Please print exactly the lines running from the one that contains "Photo of property" to the end of the data, with both lines included.
■ ■ ■
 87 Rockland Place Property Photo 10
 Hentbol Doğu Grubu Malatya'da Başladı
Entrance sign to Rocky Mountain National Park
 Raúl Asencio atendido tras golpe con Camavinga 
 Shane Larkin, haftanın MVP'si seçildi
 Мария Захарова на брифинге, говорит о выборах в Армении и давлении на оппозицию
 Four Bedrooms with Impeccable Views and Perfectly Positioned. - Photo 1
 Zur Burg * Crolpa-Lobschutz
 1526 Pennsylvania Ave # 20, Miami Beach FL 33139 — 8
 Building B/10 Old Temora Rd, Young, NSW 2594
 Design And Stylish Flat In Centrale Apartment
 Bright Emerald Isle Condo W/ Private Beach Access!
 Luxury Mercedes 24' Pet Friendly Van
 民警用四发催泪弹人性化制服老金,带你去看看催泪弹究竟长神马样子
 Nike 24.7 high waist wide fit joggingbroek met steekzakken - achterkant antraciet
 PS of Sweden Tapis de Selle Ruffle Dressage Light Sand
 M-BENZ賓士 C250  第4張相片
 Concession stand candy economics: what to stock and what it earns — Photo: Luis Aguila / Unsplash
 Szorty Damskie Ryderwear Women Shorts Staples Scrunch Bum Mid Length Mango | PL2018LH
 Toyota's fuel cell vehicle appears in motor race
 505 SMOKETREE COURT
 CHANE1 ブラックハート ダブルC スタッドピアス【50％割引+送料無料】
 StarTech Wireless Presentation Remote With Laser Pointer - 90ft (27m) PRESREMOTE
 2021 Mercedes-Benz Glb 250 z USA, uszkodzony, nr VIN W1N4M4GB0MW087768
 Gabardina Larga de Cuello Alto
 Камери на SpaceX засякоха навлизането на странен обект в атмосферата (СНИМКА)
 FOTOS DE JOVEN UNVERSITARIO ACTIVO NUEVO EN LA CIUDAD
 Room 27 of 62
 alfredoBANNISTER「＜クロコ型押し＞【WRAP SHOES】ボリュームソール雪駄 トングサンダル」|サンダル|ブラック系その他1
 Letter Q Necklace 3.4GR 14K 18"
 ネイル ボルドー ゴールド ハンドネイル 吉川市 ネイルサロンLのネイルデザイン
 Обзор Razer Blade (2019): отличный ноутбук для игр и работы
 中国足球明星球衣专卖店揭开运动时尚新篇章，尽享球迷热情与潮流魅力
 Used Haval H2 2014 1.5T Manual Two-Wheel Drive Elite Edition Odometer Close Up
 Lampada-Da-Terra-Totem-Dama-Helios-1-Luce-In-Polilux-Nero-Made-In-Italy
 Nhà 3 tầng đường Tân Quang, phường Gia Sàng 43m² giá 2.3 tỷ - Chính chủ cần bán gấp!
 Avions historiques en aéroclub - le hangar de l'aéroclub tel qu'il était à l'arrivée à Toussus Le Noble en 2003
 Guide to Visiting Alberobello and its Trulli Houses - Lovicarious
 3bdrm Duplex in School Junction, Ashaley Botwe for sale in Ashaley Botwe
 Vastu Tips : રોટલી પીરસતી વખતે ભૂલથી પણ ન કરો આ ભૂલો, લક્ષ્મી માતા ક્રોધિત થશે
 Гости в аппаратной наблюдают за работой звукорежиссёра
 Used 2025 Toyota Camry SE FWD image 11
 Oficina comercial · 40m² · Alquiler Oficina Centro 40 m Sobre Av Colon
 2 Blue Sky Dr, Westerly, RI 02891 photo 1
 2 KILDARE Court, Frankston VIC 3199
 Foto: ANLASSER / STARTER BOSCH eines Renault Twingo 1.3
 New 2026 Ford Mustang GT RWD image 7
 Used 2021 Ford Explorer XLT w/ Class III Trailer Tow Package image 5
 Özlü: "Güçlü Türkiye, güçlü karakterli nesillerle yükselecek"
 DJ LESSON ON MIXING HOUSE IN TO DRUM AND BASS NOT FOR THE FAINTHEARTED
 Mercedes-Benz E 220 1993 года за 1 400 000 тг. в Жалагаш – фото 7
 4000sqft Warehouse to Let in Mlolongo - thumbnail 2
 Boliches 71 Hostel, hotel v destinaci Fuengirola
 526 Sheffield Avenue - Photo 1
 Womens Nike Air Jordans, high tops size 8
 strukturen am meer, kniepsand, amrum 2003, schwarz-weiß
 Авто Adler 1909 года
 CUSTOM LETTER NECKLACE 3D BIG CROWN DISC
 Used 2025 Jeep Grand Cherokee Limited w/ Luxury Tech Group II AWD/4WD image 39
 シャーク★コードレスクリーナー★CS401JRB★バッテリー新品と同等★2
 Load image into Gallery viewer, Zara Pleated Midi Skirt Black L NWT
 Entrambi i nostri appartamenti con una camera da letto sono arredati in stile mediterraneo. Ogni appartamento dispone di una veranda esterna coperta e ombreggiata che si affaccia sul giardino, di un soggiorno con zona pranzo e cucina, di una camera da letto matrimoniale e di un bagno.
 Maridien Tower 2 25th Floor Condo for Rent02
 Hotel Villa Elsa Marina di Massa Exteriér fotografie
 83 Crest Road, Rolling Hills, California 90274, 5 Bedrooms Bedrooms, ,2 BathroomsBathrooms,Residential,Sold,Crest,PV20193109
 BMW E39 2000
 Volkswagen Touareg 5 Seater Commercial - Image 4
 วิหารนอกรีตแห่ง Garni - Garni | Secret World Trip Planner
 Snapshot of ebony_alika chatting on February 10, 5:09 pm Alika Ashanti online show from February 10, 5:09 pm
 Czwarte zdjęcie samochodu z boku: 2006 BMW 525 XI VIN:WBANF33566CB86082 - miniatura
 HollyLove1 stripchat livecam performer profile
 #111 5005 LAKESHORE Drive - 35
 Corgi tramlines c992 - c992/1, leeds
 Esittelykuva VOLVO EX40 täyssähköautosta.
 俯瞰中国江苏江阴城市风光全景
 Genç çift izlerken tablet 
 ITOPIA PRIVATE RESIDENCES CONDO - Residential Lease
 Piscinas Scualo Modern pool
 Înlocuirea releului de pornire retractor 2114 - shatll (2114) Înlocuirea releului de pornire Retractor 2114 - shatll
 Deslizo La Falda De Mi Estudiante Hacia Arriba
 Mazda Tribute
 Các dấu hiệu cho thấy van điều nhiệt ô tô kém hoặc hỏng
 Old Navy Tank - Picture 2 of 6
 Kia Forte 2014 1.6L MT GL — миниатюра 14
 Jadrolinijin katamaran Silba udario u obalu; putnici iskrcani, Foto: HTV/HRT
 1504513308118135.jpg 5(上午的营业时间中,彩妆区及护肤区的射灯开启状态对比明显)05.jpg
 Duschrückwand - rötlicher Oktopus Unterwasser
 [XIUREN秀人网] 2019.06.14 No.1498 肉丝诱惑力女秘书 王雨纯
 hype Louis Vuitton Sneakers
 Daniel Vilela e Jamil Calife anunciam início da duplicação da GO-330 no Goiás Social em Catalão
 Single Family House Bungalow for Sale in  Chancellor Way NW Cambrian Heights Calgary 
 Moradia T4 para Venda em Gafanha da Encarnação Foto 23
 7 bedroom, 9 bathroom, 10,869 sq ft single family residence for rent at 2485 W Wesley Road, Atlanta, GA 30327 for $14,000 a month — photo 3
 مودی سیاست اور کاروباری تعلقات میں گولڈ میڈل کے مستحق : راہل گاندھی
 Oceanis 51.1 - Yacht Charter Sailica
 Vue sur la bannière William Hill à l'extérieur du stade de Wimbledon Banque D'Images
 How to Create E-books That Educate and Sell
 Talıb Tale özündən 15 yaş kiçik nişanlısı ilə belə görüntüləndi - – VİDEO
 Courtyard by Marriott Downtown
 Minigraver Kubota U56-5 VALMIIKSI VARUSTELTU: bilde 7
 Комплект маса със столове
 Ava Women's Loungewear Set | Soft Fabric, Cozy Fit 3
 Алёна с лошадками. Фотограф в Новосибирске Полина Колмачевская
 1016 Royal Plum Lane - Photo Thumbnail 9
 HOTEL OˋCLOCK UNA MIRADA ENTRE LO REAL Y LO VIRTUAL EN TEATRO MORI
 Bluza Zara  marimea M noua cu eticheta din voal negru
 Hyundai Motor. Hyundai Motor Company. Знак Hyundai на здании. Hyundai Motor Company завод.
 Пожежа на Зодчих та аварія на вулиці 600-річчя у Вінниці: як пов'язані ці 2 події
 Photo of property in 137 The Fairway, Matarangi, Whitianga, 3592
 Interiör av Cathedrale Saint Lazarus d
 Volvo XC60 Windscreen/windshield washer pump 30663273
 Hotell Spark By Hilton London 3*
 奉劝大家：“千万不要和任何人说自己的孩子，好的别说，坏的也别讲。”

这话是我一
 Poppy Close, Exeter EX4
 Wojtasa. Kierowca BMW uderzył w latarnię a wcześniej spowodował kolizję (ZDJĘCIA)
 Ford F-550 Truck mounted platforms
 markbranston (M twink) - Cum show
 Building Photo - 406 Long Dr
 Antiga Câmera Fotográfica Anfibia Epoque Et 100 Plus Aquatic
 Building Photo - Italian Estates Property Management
■ ■ ■
* Written answer *
 Photo of property in 137 The Fairway, Matarangi, Whitianga, 3592
 Interiör av Cathedrale Saint Lazarus d
 Volvo XC60 Windscreen/windshield washer pump 30663273
 Hotell Spark By Hilton London 3*
 奉劝大家：“千万不要和任何人说自己的孩子，好的别说，坏的也别讲。”

这话是我一
 Poppy Close, Exeter EX4
 Wojtasa. Kierowca BMW uderzył w latarnię a wcześniej spowodował kolizję (ZDJĘCIA)
 Ford F-550 Truck mounted platforms
 markbranston (M twink) - Cum show
 Building Photo - 406 Long Dr
 Antiga Câmera Fotográfica Anfibia Epoque Et 100 Plus Aquatic
 Building Photo - Italian Estates Property Management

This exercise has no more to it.